Just saying that paper is not always necessarily worse than electronic records.
Pagers, in their niche, are better than any other technology available. Considering how often my phone battery runs dead by accident, I feel a lot more comfortable with surgeons having pagers that run for months off a single AAA battery.
A week is a far cry from months. Range, reliability, and delivery guarantees are also an issue with phones.
The only real argument against pagers is that it's another thing to carry around, but in that regard modern pagers are a lot better than dumb-cellphones so pagers still have the advantage (because lets face it, people are still going to want their smartphones).
(Well, that and "they are old, and old is lame", which is not really an argument. ;)
I'd like to know where you're finding a pager that runs for months on a single AAA. My pager takes a AA battery, and it has to be replaced roughly monthly. Why, yes, I do work in Healthcare IS, why do you ask?
seems i've shown my age.. though i definitely read that, my mind seems conditioned to totally ignore the notion of faxing something. not discounting anything here, but just find it kind of funny. given my perception of fax machines, it could very well have said send notice via telegraph.. that aside, i can see how as a technology it stills has practical applications, especially in the legal field where paper records are heavily relied upon.
It's also a (moderately) higher barrier to entry, so it's less likely to be aggressively used by heavy-handed copyright holders.
Though in practice, fax has turned into this bastard child of excessive analog-to-digital conversion, at least among newer companies. Senders email their attachment to an email-to-fax service, which sends it over POTS to a fax-to-email service converting it back into a PDF and emailed as an attachment to the recipient.

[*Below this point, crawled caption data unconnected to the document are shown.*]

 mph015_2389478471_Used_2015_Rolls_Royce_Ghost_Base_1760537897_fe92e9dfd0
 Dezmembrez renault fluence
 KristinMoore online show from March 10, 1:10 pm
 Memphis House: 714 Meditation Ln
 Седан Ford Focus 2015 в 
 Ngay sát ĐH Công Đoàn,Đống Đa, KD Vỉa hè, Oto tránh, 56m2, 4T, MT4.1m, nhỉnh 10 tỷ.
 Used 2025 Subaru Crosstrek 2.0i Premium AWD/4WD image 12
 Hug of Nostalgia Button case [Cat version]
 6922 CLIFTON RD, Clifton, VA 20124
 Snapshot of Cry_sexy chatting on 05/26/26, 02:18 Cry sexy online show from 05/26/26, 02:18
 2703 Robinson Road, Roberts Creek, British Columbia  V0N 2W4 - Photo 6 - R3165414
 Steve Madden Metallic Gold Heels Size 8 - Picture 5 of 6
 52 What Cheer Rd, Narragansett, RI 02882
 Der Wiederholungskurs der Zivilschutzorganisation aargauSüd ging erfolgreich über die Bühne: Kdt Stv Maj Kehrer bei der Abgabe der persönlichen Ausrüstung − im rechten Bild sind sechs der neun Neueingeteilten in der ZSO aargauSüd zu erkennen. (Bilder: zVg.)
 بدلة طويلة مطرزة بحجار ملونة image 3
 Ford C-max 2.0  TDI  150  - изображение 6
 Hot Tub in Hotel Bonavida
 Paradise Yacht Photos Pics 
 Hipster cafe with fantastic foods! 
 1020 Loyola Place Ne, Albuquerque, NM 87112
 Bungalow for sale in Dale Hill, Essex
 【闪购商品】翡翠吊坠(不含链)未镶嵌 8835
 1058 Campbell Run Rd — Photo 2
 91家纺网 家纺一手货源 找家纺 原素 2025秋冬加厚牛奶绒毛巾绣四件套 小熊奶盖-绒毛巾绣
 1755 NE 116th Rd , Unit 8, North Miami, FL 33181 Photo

Really? I can't say I have experience building such a system, but to me it seems the solution has already been built: fast off-the-shelf DNS servers, using phone numbers as virtual (sub)domains.
My experience is in the context of payments - when charging someone's payment card, check whether it's one we've issued and just run it as an internal balance transfer rather than run it through Visa (read: free). When doing the whole "build fast, iterate quickly" thing, it's easy to forget about such optimizations, especially when it's a relative edge case and works just as well if you leave it alone (arguably better, since there's less conditional logic in the code)
So by "network" I more meant database (i.e., network of users).
I recently refinanced my house, and realized that there was a potential for a LOT of this sort of thing. So I paid the app store a few dollars for a PDF modification program, and just put a shortcut to a scanned signature of mine, and added that in the right places. Requested the documents as email instead of fax, and emailed them back. Totally acceptable and saved a bunch of time (in waiting for the printer and scanner) and money (in paper and ink).
I sincerely hope the YC team has made sure the HN entity is legally separate from any asset-bearing entities they might have. Last thing anyone wants to happen is for you guys to get sued by some sort of errant copyright or defamation BS and have them get at any other assets you have.
DISCLAIMER: This is not legal advice. I am not a lawyer. Do not use this as legal advice. I am just a dude.
Usually procedures and policies are put in place because of out of ordinary incidents. Haven't seen DMCA notice from HN for the longest time and it pops up now. Can we assume someone actually tried to sue HN for copyright infringement on the user-submitted content?
The reason I'm wondering is that the Copyright Office does require you to provide an email address for your designated DMCA agent, and I'd like to know how they got around that.
(The requirement for registering an agent, by the way, is 17 U.S.C. 512(c)(2).)